Undergraduate Course: Scientific Image Analysis (PHYS11071)

Course Outline
SchoolSchool of Physics and Astronomy CollegeCollege of Science and Engineering
Credit level (Normal year taken)SCQF Level 11 (Year 4 Undergraduate) AvailabilityAvailable to all students
SCQF Credits20 ECTS Credits10
SummaryAn introduction to scientific image analysis i.e. the extraction of quantitative information from scientific images. Both general principles and practical implementation will be covered, including machine-learning approaches. Examples will be drawn from scientific research, but relevance to applications beyond academia will also be covered. The course will also cover examples of scientific imaging techniques, as understanding contrast mechanisms is crucial when interpreting results from image analysis. Both an open-source application (e.g. ImageJ) and a contemporary programming language (e.g. Python) will be used as image-analysis tools, as both tools are widely used for preliminary and batch-processed image analysis.

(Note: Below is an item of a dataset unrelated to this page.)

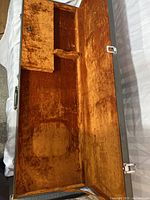 Open view of the interior lined with rust-colored plush fabric and small internal compartment with lock.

The course starts with a description of images, image properties, and images as numerical arrays. Image acquisition, contrast mechanisms, and image artefacts will be covered. Several techniques for extracting quantitative information from images will be considered, including machine-learning approaches. Examples of applying image analysis to solving problems in physics and astronomy research, and beyond, will be presented.
Course description Image analysis involves the extraction of quantitative information from images, image sequences or videos; these days the images are usually digital. It is used in academic research, industry e.g. quality control in manufacturing processes, and medical research e.g. analyzing X-ray CT images. Within the School, it is used in Astronomy, (Soft) Condensed Matter and Particle Physics. Hence, it is a skill that is regularly encountered in both undergraduate and postgraduate (research) projects. Overall, it is a skill that may well be useful to any graduate, whether planning a career within or outwith academia.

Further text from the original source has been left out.